Some practical examples where we want to treat data or different pieces of higher order information as sets (i.e. where we want permutation invariance) are:

• working with sets of objects in a scene (think AIR or SQAIR)
• multi-agent reinforcement learning
• perhaps surprisingly, point clouds

We will talk more about applications later in this post.

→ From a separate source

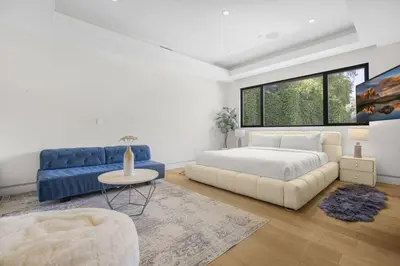 a bedroom with a bed and a blue couch at Prestigious Hillside Villa W. Pool, Theater, Views in Los Angeles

Note from Ferenc: I would like to jump in here - because it's my blog so I get to do that - to say that I think the killer application for this is actually meta-learning and few-shot learning. By meta-learning, don't think of anything fancy, I consider amortized variational inference, like a VAE, as a form of meta-learning. Consider a conditionally i.i.d model where you have a global parameter $\theta$, and a bunch of observations $x_i$ drawn conditionally i.i.d from a distribution $p_{X\vert \theta}$. Given a set of observations $x_1, \ldots, x_N$ we'd like to approximate the posterior $p(\theta\vert x_1, \ldots, x_N)$ by some parametric $q(\theta\vert x_1, \ldots, x_N; \psi)$, and we want this to work for any number of observations $N$. Clearly, the real posterior $p$ has a permutation invariance with respect to $x_n$, so it would make sense to make the recognition model, $q$, a permutation-invariant architecture. To me, this is the killer application of deep sets, especially in an on-line learning setting, where one wants to update our posterior estimate over some parameters with each new data point we observe.

## The Deep Sets Architecture (Sum-Decomposition)

Having established that there is a need for permutation-invariant neural networks, let's see how to enforce permutation invariance in practice. One approach is to make use of some operation $P$ which is already known to be permutation-invariant. We map each of our inputs separately to some latent representation and apply our $P$ to the set of latents to obtain a latent representation of the set as a whole. $P$ destroys the ordering information, leaving the overall model permutation invariant.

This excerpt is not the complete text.